1. Analyze the effectiveness of advertising by city size

If your advertising campaigns include a wide list of cities (especially if you are targeted to several countries at once), the usual analysis of traffic by location often doesn’t work.

Typically, this is due to the fact that the statistics are excessively “spread out” over many geos; such data does not allow you to accurately measure the effectiveness of the long list of locations.

Practice shows that in such a situation, analysis by city size is effective.

Of course, such analysis can be difficult and takes some time to prepare, but it’s practical benefits can be very significant.
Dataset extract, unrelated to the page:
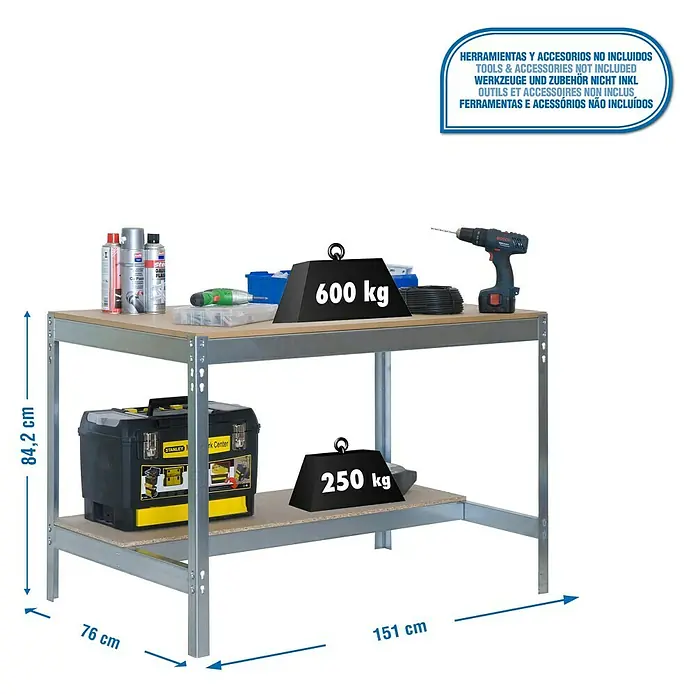 Simonrack Simonwork Werkbank BT0 1500 - L x B: 76 x 151 cm, Arbeitshöhe: 84,2 cm, Belastbarkeit: 850 kg, Verzinkt/Holz - Abbildung eines robusten Arbeitstisches mit Werkzeugkasten, Sprays, Schraubendreher, Bohrmaschine und Gewichten.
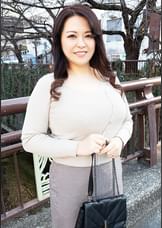 欲求不満豊満熟女①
For example, in the screenshot below (from a real analysis) we can see a significant difference in conversion rates between different size cities (so we can make corrections to the geo-targeting of the advertising campaign):

This report is usually created manually.

Recommended steps to create the report:

Download the statistics of the effectiveness of advertising campaigns by city;
For each city, enter the specific range of its population;
Then, using the aggregated tables tool, create the report to analyse how campaign effectiveness varies by city size;
If we notice a significant difference in effectiveness between different sized cities, we adjust the geo targeting in ad. account (e.g., keep only cities with effective ranges).

The most commonly used ranges (according to our experience):

Up to 100 thousand people
From 100 to 500 thousand people
From 500 thousand to 1 million
From 1 to 3 million
More than 3 million.

Of course, these ranges can be corrected depending on the countries in which our online ads are shown (for example, the ranges for a small Czech Republic would be completely different from the ones for a large country).

Analysing by city size has proven its effectiveness many times before, and we recommend doing it regularly.

2. Explore advertising metrics by browser, screen resolution, and operating systems

While analysis by device type (mobile devices, computers, tablets) is standard and often used, analysis by operating system / screen resolution / browser is much less popular.

At the same time, these analyses can be very useful, for example, they allow you to identify technical problems with the site for different OS versions, browsers, screen resolutions (for example, finding a reduced conversion rate in the Opera browser, we can check the site display in it).

In addition, some advertising systems allow you to make adjustments to the “Android/IOS” segment; we know that these operating systems often show different conversion rates and CPL. This is an extremely useful feature.

For example, in the screenshot below (generated from Google Analytics 4), we see a significant difference in the performance of different segments of operating systems ( maybe it’s necessary to check the performance of the site on Android devices):

3. Analyze the effectiveness by landing pages

Analysis by landing pages can be useful and very illustrative.

Imagine: a certain list of landing pages attracts a large traffic volume from several advertising campaigns, each of which is characterized by its own features (geo-targeting, keyword list, topics and interests, creatives, etc.).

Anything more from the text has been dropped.